Material for this exercise START
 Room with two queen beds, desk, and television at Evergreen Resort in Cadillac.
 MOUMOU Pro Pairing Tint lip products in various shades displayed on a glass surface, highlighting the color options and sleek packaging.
Material for this exercise END
Material for this exercise START
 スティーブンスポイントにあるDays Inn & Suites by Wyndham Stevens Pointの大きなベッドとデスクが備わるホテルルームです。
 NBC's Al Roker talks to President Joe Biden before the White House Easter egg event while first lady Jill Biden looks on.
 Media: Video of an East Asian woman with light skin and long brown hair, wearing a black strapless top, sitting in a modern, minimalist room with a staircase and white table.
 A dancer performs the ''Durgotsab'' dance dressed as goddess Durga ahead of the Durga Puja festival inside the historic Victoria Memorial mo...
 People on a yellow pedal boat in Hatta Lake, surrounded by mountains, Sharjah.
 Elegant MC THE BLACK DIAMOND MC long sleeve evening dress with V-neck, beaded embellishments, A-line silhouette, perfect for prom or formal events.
Material for this exercise END
When the line with "Media: Video of" is reached in the data above, start copying there, and copy each line exactly until the line with "Elegant MC THE" has been copied; copy nothing else.

 Media: Video of an East Asian woman with light skin and long brown hair, wearing a black strapless top, sitting in a modern, minimalist room with a staircase and white table.
 A dancer performs the ''Durgotsab'' dance dressed as goddess Durga ahead of the Durga Puja festival inside the historic Victoria Memorial mo...
 People on a yellow pedal boat in Hatta Lake, surrounded by mountains, Sharjah.
 Elegant MC THE BLACK DIAMOND MC long sleeve evening dress with V-neck, beaded embellishments, A-line silhouette, perfect for prom or formal events.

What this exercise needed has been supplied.